# [Work task]
In the entries below, begin at the line that has "2008 Chevrolet Tahoe", stop after the line that has "Tamil Virtual Academy tweet media", and output those lines exactly with no pictures.

# [Task input]
-=-=-=-=-

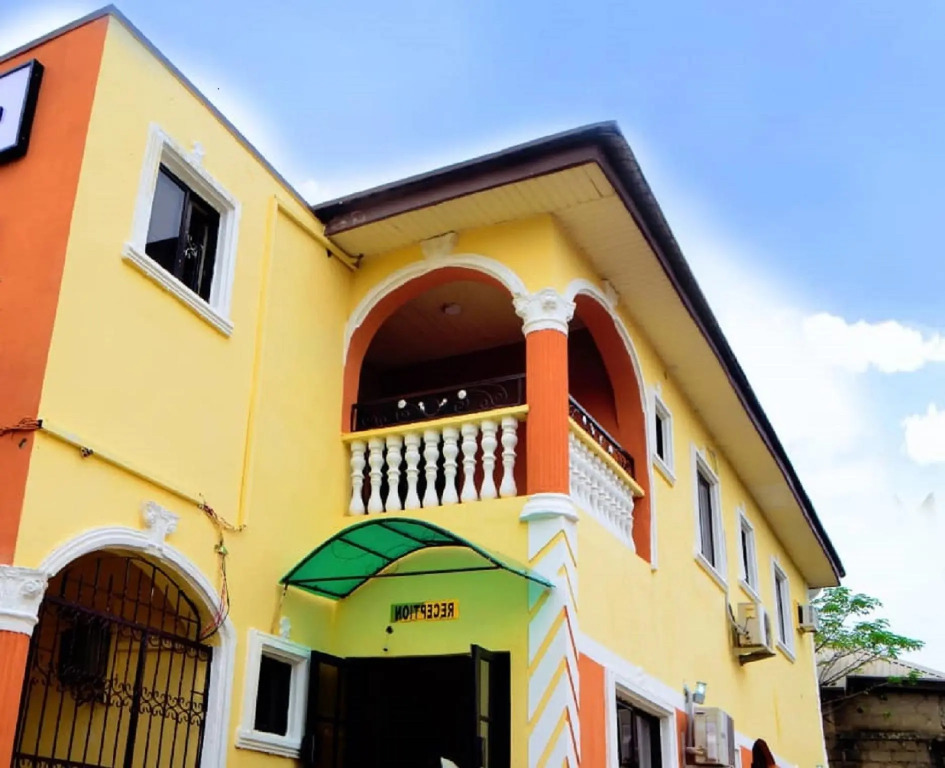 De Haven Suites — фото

-=-=-=-=-

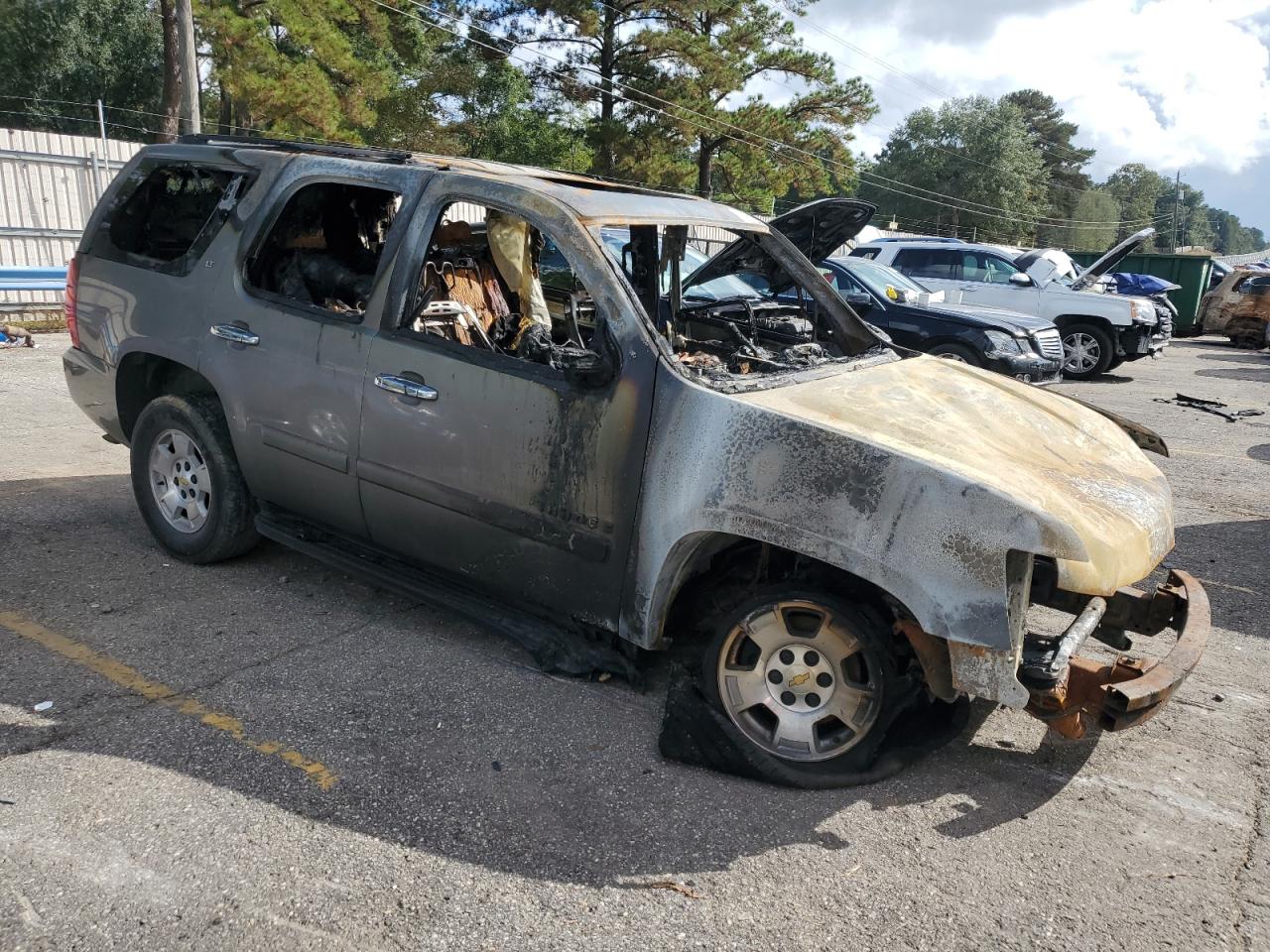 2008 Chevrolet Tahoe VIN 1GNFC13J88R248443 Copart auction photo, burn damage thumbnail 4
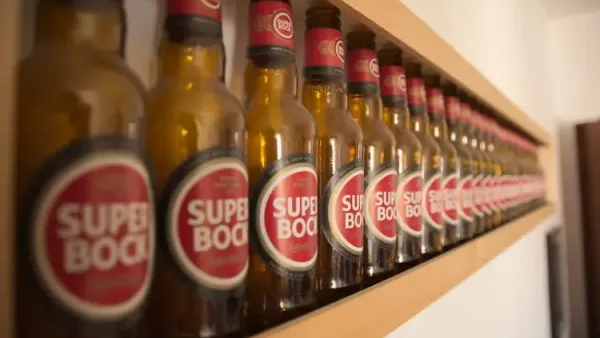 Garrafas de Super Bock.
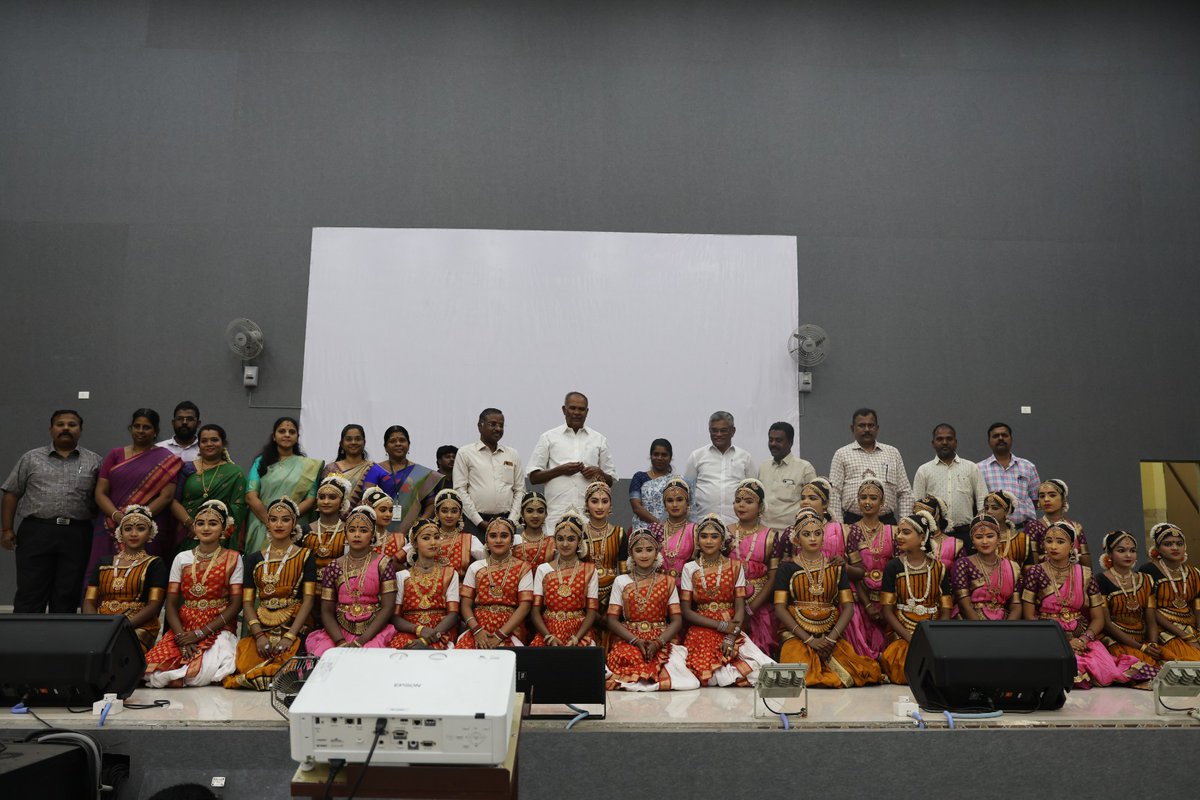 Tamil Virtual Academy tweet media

-=-=-=-=-

# [Your response]
 2008 Chevrolet Tahoe VIN 1GNFC13J88R248443 Copart auction photo, burn damage thumbnail 4
 Garrafas de Super Bock.
 Tamil Virtual Academy tweet media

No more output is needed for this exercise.